Widzew Łódź nie wytrzymał presji, Elana Toruń nie wytrzymała presji, ale Resovia Rzeszów już tak. Rzeszowianie awansowali do II ligi kolejkę przed końcem rozgrywek. Zrobili to w wielkim stylu, bo na własnym stadionie roznieśli KSZO 1929 Ostrowiec Świętokrzyski (4:1)… Oczywiście po meczu była feta i wielkie świętowanie, o czym opowiedział nam Marcin Pietryka, który jest wychowankiem klubu.
– Każdy awans jest szczególny, ale teraz w zespole panuje ogromna radość, bo przecież spadliśmy pięć lat temu. Trochę czasu już więc minęło, ale pamiętajmy, że wtedy nie zlecieliśmy do III ligi, bo słabo graliśmy w piłkę. Po prostu nie dostaliśmy licencji.

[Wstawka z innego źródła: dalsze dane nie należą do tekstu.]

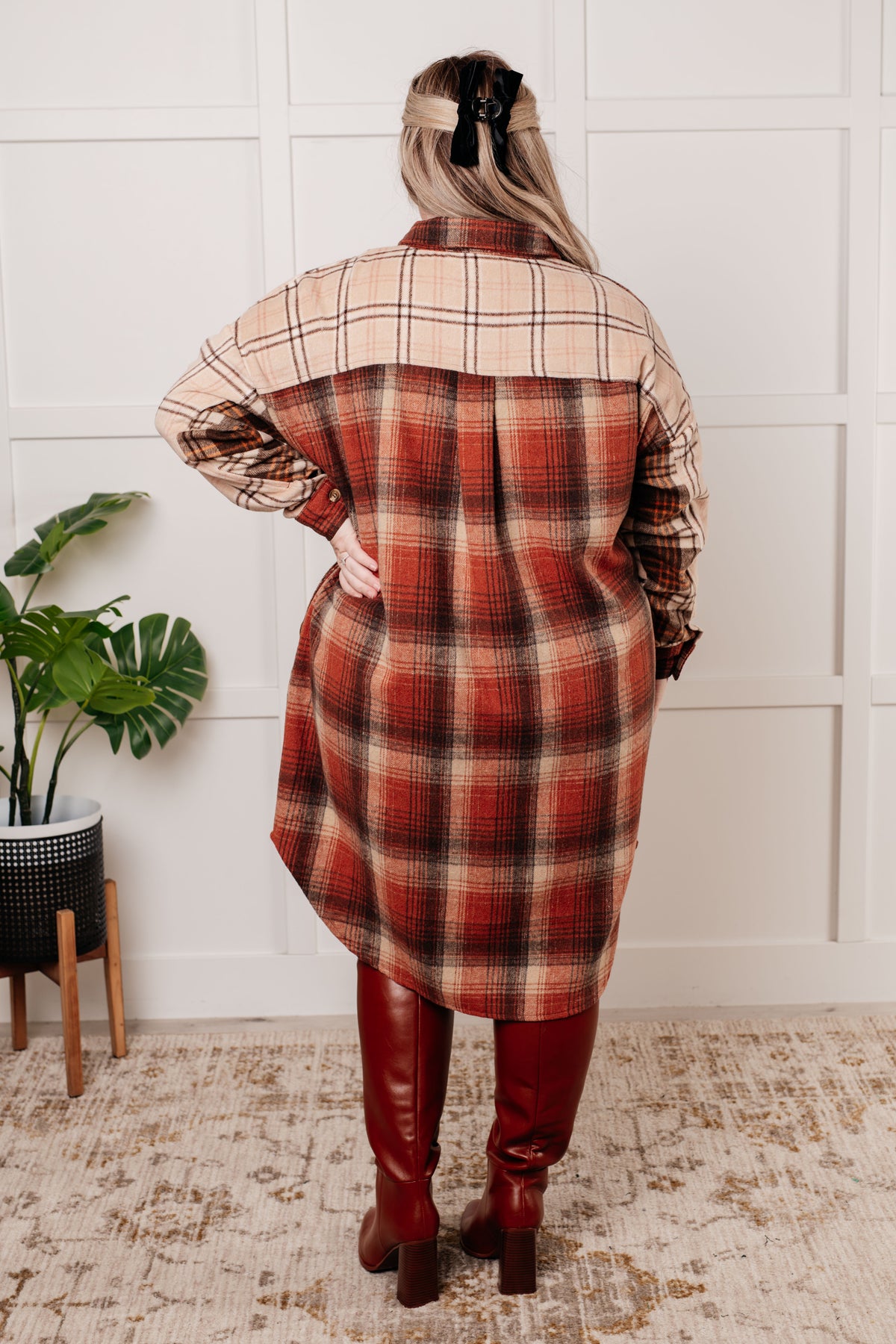 Cabin Fever Flannel Plaid Oversized Shacket - 11/5/2024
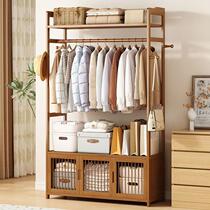 Coat rack bedroom floor-standing clothes storage rack household clothes hanger storage rack simple multi-functional B&B wardrobe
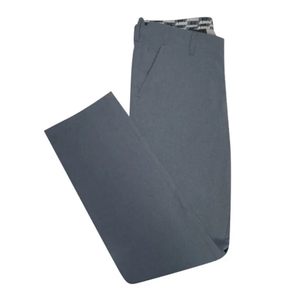 Pantalon long uni pour homme Handee, coupe classique, respirant, fermeture boutonnée, tissé en spandex/coton, style vintage, sans coutures, pour le golf - Product Image 1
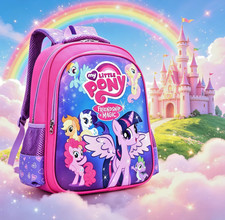 Cartoon Pony Kids Backpack Girls School Bag Children s Travel Daypack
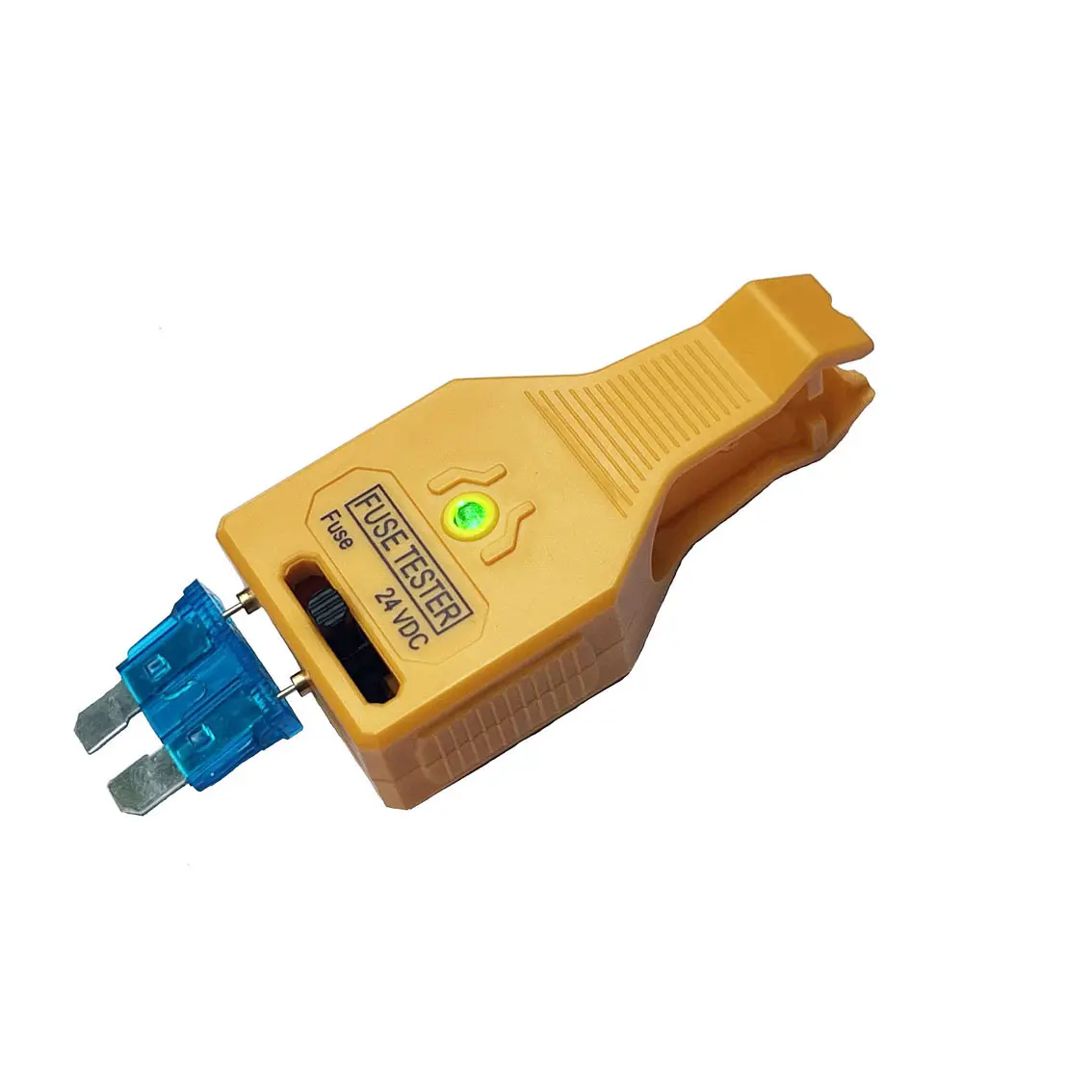 24V Car Fuse Tester & Puller, Automotive Fuse Testing Tool for ATO ATC ATM Blade & Glass Tube Fuses, Easy Fuse Removal Tool for Finding Blown Fuses in Car Fuse Boxes, Auto Diagnostic Tool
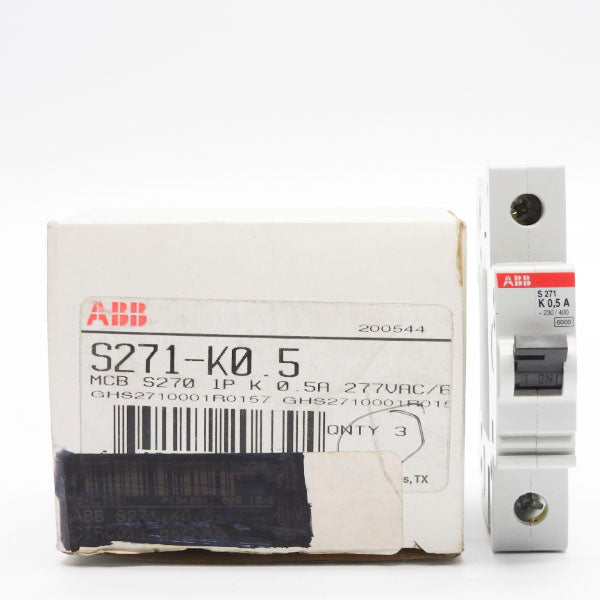 ABB GHS2710001R0157 S271-K0.5 277VAC 0.5A (PKG OF 3) NSMP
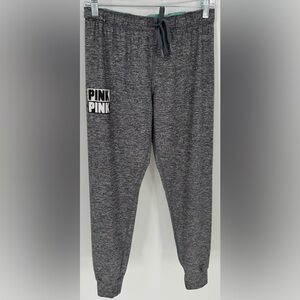 Victorias Secret PINK Ultimate Yoga Jogger Pants Fold Down Logo Top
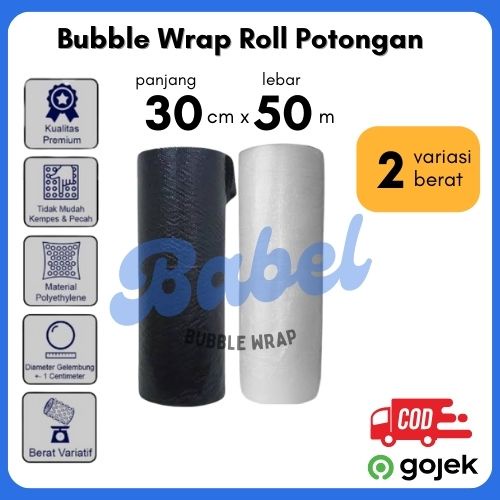 

[1150gr] Bubble Wrap 30cm x 50m Termurah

Wydaje mi się, że zasłużyliśmy na ten awans, ponieważ na wiosnę nie przegraliśmy żadnego meczu i mieliśmy tylko trzy remisy. Został nam ostatni mecz, w którym również chcielibyśmy zdobyć punkty. Ta runda była dla nas fantastyczna i chcemy, by była niemal idealna.

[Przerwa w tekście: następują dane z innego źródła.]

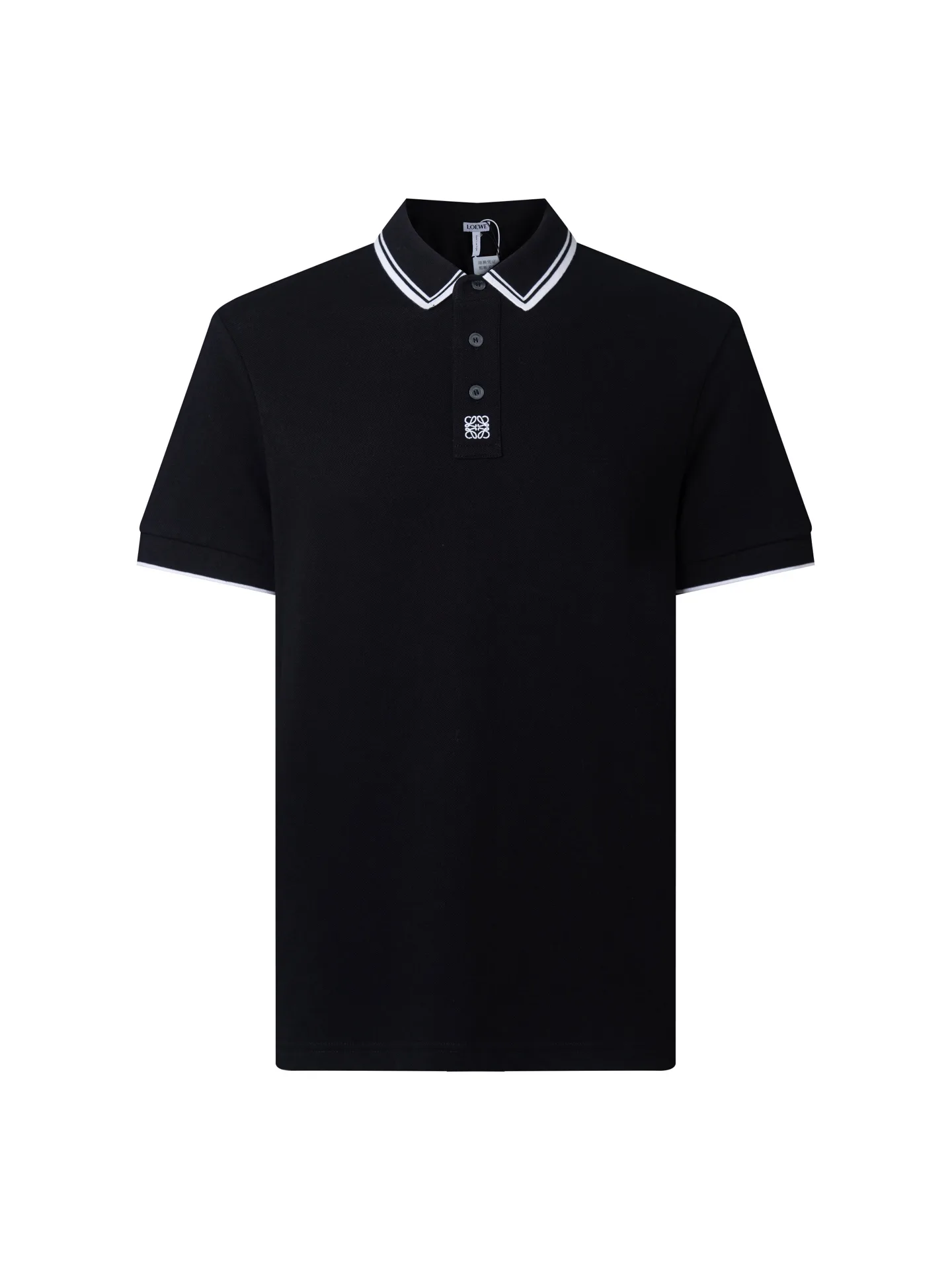 Anagram Embroidered Piqué Polo Shirt D12016016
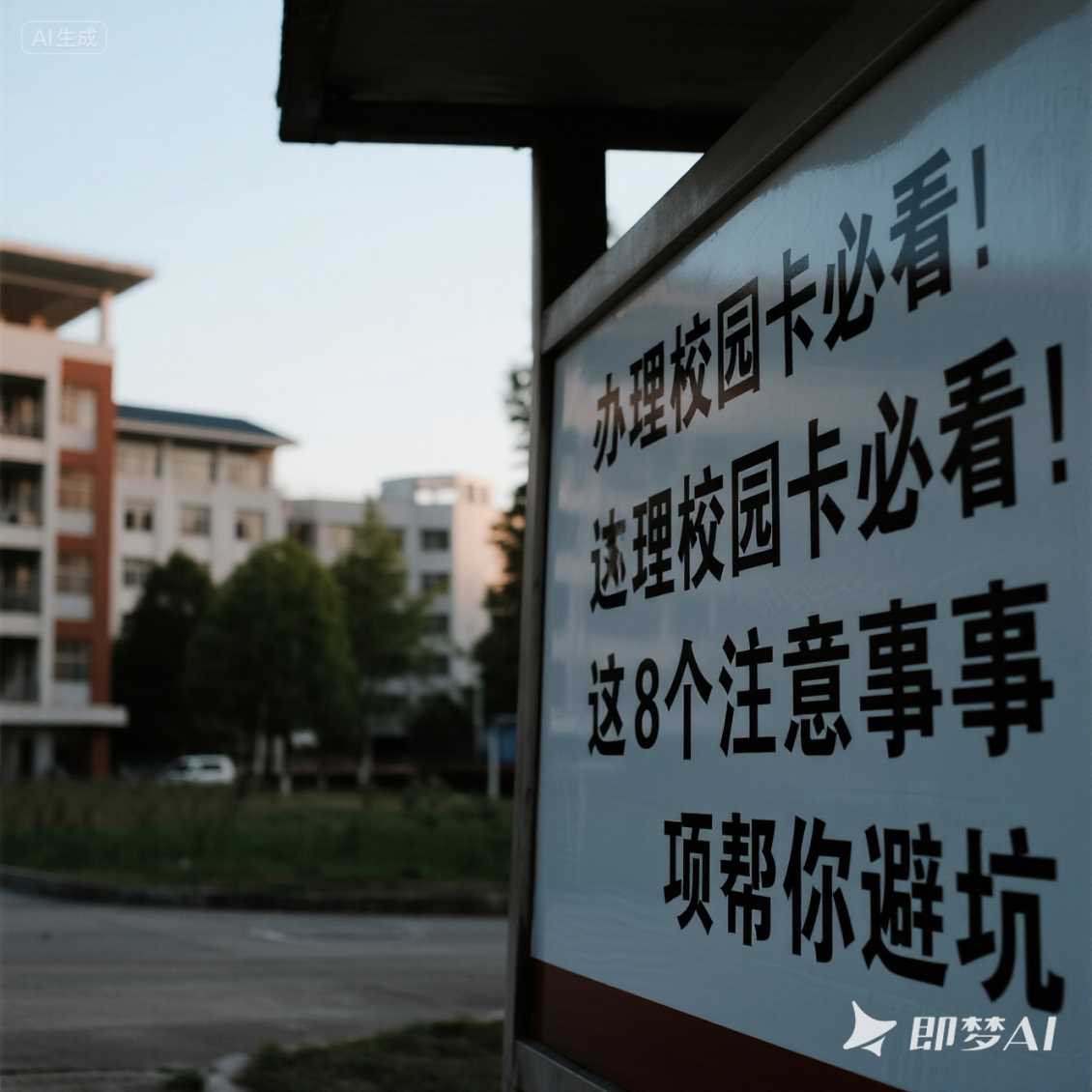 郑州办理校园卡必看！这 8 个注意事项帮你避坑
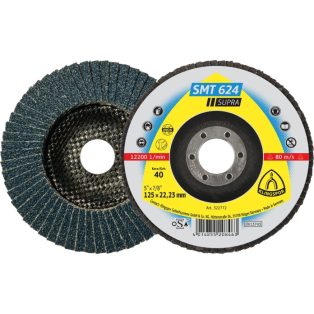   Klingspor SMT 624 Lamellás csiszolótányér, 180 x 22,23 mm szemcse 120 kúpos, 322787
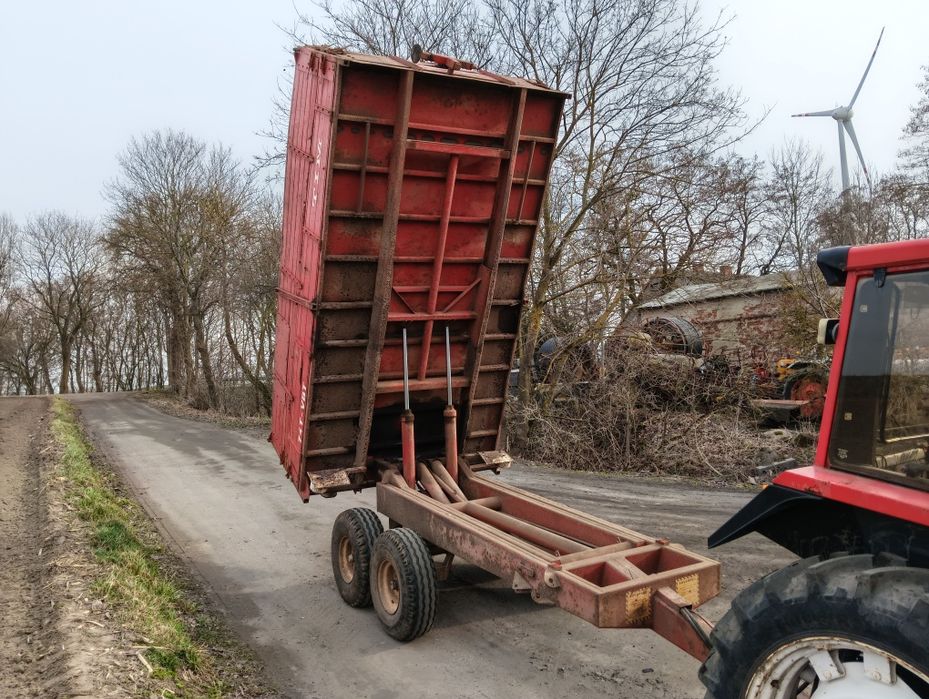 Przyczepa na tandemie TIM 7.4t wysoki wywrot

Właśnie miałem pytać, co zrobiliście zimą, że wiosną osiągnęliście niemal perfekcję na tym poziomie rozgrywkowym?
Po jesieni powiedzieliśmy sobie, że nie będziemy patrzeć na innych. Chcieliśmy skupić się tylko na sobie, a tym samym dawać z siebie wszystko w każdym kolejnym meczu. Naprawdę nie interesowaliśmy się tym, czy ktoś przegrał na wyjeździe albo zremisował. Każde kolejne zwycięstwo nakręcało nas jeszcze bardziej. Myślę, że zrobiliśmy wszystkim psikusa, bo wygraliśmy ligę, w której byli potentaci organizacyjni.
Motor Lublin i KSZO Ostrowiec Świętokrzyski pewnie was teraz nienawidzą, ale zrobiliście to, czego od nich każdy wymagał.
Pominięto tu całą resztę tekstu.